Book of the Month July 2018 Selections
In the new novel from the bestselling author of Final Girls, The Last Time I Lied follows a young woman as she returns to her childhood summer camp to uncover the truth about a tragedy that happened there fifteen years ago.
I wasn’t a fan of Sager’s debut novel, Final Girls, which was a horror movie-esque thriller. I had trouble buying the main character’s decision-making and I thought the ending jumped the shark. But, Annie Jones of From the Front Porch podcast (and one of my best recommendation sources) liked The Last Time I Lied and thought it was possibly even better than Final Girls. Tina from TBR, etc. had trouble getting into it, but couldn’t put it down once she got to the last quarter. Goodreads reviewers said it’s more grown up and less horror movie-ish than Final Girls, it has a large cast of characters, the storyline alternates between past and present, it has a bit of a slow start, and people can’t decide how they feel about the ending. Overall, the Goodreads reviews are excellent and this seems to be a standout psychological thriller.

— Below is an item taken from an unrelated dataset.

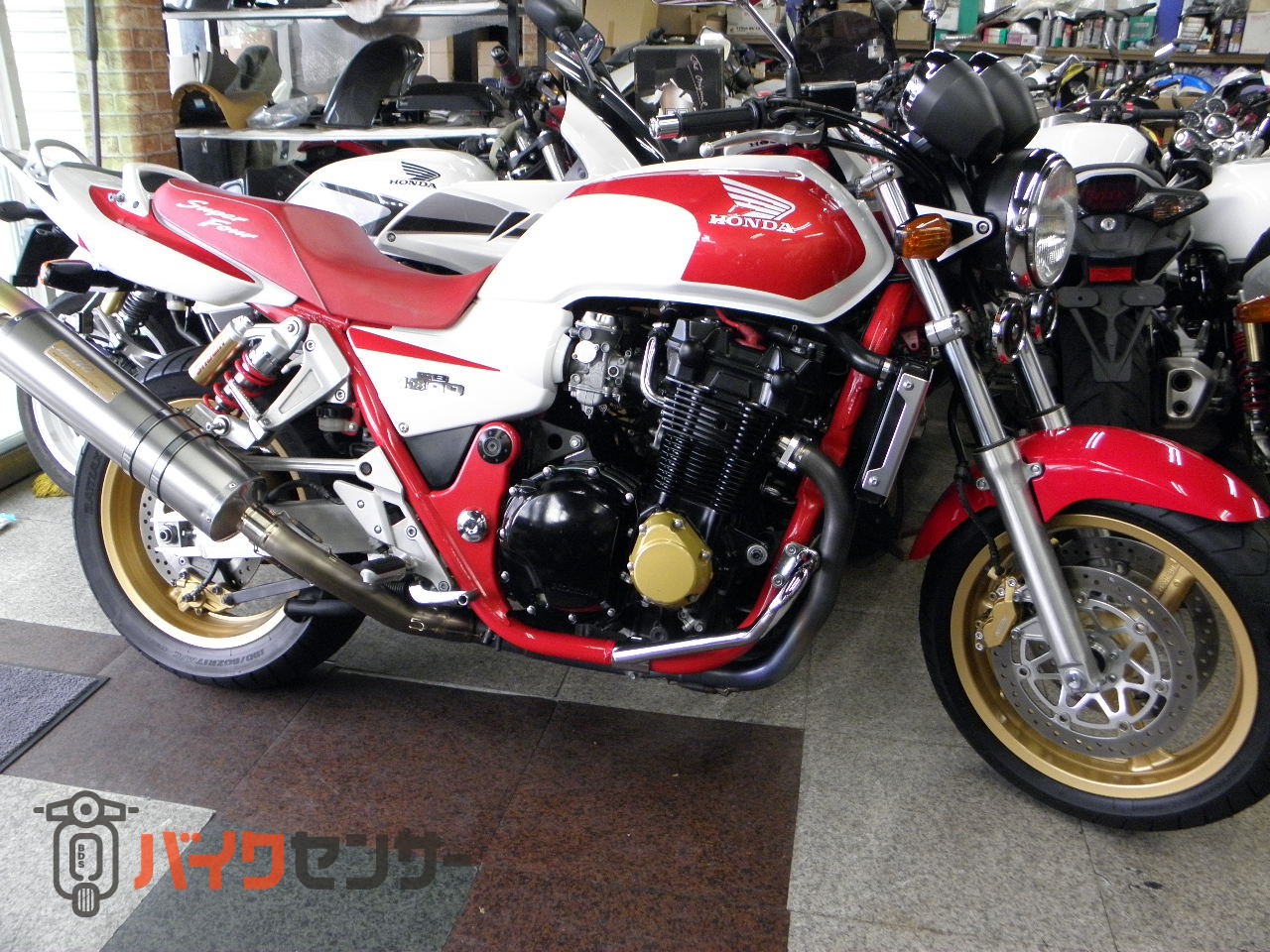 cb1300 SC40交換も有り。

New York Times bestselling author Beatriz Williams brings us the blockbuster novel of the season—a spellbinding novel of romance, murder, class, power, and dark secrets set in the 1950s and ’60s among the rarified world of a resort island in the Long Island Sound . . .
Beatriz Williams writes beach-y historical fiction that usually contains some sort of mystery and usually involves wealthy families with secrets. I loved her older books (A Hundred Summers, The Secret Life of Violet Grant, Tiny Little Thing), but have given up on her more recent work starting with Along the Infinite Sea (my review). She began publishing a book a year and I thought the quality suffered. The Summer Wives is “typical Beatriz Williams fare” according to Susie from Novel Visits (one of my favorite book bloggers) and involves family secrets and wealthy vs. the locals dynamics in an exclusive vacation enclave. She said that, of Williams’ previous books, it’s most like A Hundred Summers (my review) and Tiny Little Thing (my review)…a good thing in my view! And, Renee at It’s Book Talk (another favorite book blogger) also really liked it…saying that Williams pulled off the two alternating time period narrative so well.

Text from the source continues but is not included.